3.4 Os Grupos do Pensar Alto

3.4.2 Grupos na Inglaterra

3.4.2.2 King David Primary School

A ideia de realizar vivências na escola King David, também chamada de King

David Junior and Infant School, em Birmingham, surgiu quando descobri que esta tinha

sido a escola primária de Sarah Rebecca Kersley, minha parceira nas versões dos poemas para o inglês. Sarah não nasceu em Birmigham, mas residiu na cidade no fim da

década de 1970. Assim, alguns meses antes de eu viajar à Inglaterra, entrei em contato com o diretor da escola, Steve Langford, e lhe enviei meu projeto. Ele se mostrou interessado na ideia de leitura de poemas em grupo, e especialmente contente e surpreso com a notícia de uma ex-aluna viver no Brasil, ter se tornado poeta, e ser uma das tradutoras dos poemas em questão. Mais contente fiquei eu com sua calorosa acolhida, e o pleno apoio que obtive dele e da professora do Y5, Caroline Nash, que por iniciativa própria organizou para que os grupos fossem equilibrados quanto ao gênero, com cinco meninas e cinco meninos em cada um, e se desdobrou para encaixar as vivências no pouco tempo de que dispúnhamos. Ocorre que quanto terminei o estágio em Cambridge faltava apenas uma semana para eu voltar para o Brasil, e Caroline se dispôs a remanejar as atividades em sala de aula para absorver as vivências, que foram então realizadas em três dias consecutivos, na primeira semana de dezembro de 2016. Pois assim como nas outras escolas, também na King David as crianças participantes foram deslocadas da sala de aula para outro recinto, onde a interferência de ruído externo fosse mínima, e suas vozes pudessem ser gravadas mais claramente. Mas, à diferença das outras escolas, onde as vivências foram feitas uma vez por semana e ao longo de um mês, na King David elas se concentraram ao longo de três dias consecutivos.

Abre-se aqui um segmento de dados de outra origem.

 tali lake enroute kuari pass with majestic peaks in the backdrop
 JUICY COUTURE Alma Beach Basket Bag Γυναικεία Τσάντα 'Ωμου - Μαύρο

Na King David nós ocupamos o SEND room, sala reservada para ministrar aulas especiais a crianças que apresentam dificuldade no aprendizado. Nas dimensões e no mobiliário, o SEND room mantinha semelhanças com a sala de reforço da EMEF Vera Lucia Fusco Borba: além das mesas e cadeiras, a sala era mobiliada com armários onde eram guardados fichários, livros e material escolar excedente ou para uso na própria sala, como cartazes coloridos com as letras do alfabeto. Para as vivências, eu aproximava as quatro mesas disponíveis e formava uma grande mesa, no centro da qual era colocado o gravador, e em torno da qual nós nos sentávamos como em um círculo, da mesma maneira como no Brasil. Além da porta de entrada que se comunicava com o hall e refeitório da escola, o SEND room tinha uma enorme porta envidraçada que dava para o jardim dos fundos, e deixava ver um pátio gramado com algumas mesas e bancos de madeira, usados para eventuais piqueniques. O gramado e as árvores que o circundavam, já parcialmente desfolhadas, anunciavam o fim do outono, e davam sinais de que começavam a sofrer com a geada que, naqueles dias, branqueava tudo pela manhã. No horário das vivências, o sol filtrava por essa porta envidraçada, irradiando a sala, porém sua luz incidia diretamente nos olhos das crianças sentadas do lado oposto,

o que lhes causava grande desconforto. Desloquei, então, para perto dessa vidraça, um cavalete branco que estava ali para servir como lousa, e ele passou a servir como anteparo entre o nosso grupo e os raios do sol.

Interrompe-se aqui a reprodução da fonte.